• **About this task**:
Output exactly the lines below, starting with the line that has "Мужские трусы боксеры" and going on through the line that has "Ohio Theatre peter pan", both included, and no other lines.

↓

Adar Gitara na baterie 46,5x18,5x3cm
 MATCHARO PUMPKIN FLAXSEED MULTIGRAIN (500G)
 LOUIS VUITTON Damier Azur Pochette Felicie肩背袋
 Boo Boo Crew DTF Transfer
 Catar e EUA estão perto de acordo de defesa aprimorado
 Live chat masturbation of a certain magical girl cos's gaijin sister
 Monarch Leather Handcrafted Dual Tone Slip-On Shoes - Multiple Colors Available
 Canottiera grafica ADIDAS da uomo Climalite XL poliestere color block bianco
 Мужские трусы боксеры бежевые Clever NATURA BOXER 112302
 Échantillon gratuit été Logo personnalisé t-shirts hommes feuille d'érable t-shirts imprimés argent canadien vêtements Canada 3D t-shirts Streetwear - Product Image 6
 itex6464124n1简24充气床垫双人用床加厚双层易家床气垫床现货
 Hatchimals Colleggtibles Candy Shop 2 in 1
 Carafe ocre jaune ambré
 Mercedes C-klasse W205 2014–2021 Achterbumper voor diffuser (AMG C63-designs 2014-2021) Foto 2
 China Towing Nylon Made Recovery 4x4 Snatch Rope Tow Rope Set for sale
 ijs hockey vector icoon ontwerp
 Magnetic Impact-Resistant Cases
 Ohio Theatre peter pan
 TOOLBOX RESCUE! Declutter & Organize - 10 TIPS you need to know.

↑

• **Written response**:
 Мужские трусы боксеры бежевые Clever NATURA BOXER 112302
 Échantillon gratuit été Logo personnalisé t-shirts hommes feuille d'érable t-shirts imprimés argent canadien vêtements Canada 3D t-shirts Streetwear - Product Image 6
 itex6464124n1简24充气床垫双人用床加厚双层易家床气垫床现货
 Hatchimals Colleggtibles Candy Shop 2 in 1
 Carafe ocre jaune ambré
 Mercedes C-klasse W205 2014–2021 Achterbumper voor diffuser (AMG C63-designs 2014-2021) Foto 2
 China Towing Nylon Made Recovery 4x4 Snatch Rope Tow Rope Set for sale
 ijs hockey vector icoon ontwerp
 Magnetic Impact-Resistant Cases
 Ohio Theatre peter pan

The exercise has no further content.